> **Directions**
Starting with the line with "Hello everyone and" in the entries below and going on through the line with "Today I wanted", output every line exactly and nothing more. No pictures.

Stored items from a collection
◆ ◆ ◆ ◆ ◆
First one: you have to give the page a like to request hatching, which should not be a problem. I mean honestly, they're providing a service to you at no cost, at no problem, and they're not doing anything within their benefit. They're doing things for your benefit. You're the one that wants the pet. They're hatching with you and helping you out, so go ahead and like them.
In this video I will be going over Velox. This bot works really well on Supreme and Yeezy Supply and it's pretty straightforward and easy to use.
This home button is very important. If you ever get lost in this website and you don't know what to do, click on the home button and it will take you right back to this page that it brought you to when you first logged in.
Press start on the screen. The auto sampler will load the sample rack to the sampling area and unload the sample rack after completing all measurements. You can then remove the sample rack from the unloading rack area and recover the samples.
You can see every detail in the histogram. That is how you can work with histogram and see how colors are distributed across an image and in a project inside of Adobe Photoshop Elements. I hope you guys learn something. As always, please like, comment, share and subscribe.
◆ ◆ ◆ ◆ ◆
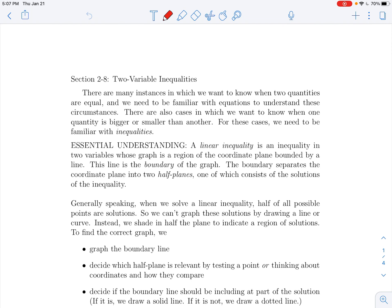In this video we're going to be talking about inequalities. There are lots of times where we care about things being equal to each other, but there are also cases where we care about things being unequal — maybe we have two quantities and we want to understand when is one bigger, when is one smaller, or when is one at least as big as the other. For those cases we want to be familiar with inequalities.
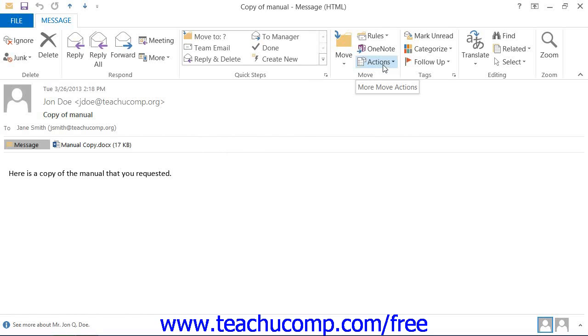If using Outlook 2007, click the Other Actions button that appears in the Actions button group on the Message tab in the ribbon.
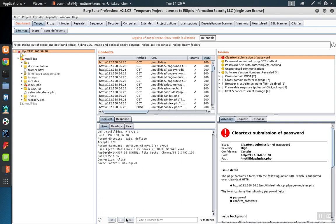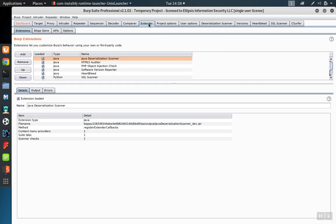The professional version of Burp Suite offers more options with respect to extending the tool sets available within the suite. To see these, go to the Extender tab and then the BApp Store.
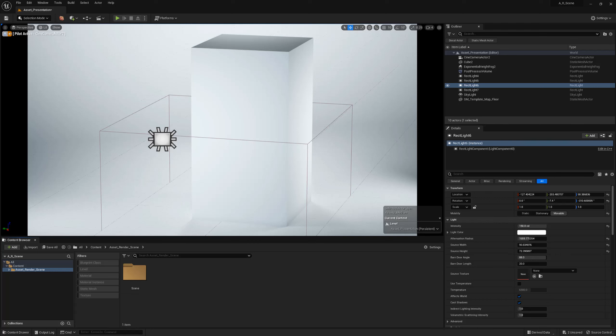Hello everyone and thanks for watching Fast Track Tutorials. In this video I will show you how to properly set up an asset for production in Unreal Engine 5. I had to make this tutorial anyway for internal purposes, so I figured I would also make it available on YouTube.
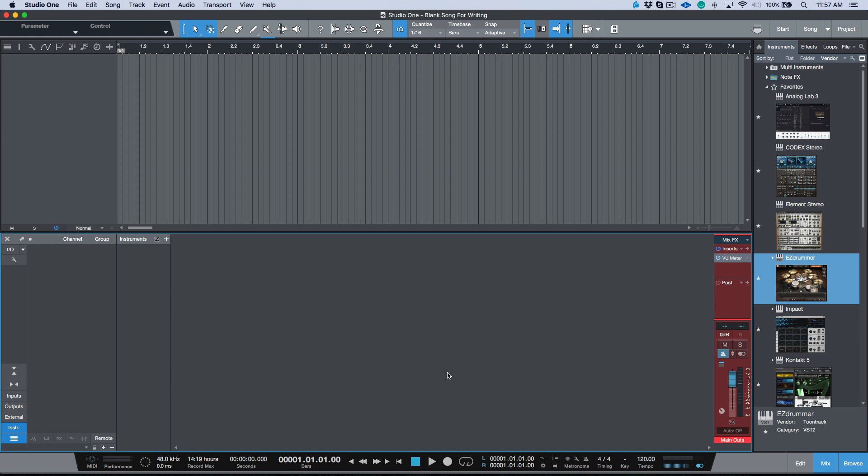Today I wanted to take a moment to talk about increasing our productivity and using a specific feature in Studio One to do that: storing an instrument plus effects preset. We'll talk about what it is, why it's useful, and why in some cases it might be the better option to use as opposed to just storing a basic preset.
◆ ◆ ◆ ◆ ◆
> **Answer**
Hello everyone and thanks for watching Fast Track Tutorials. In this video I will show you how to properly set up an asset for production in Unreal Engine 5. I had to make this tutorial anyway for internal purposes, so I figured I would also make it available on YouTube.
Today I wanted to take a moment to talk about increasing our productivity and using a specific feature in Studio One to do that: storing an instrument plus effects preset. We'll talk about what it is, why it's useful, and why in some cases it might be the better option to use as opposed to just storing a basic preset.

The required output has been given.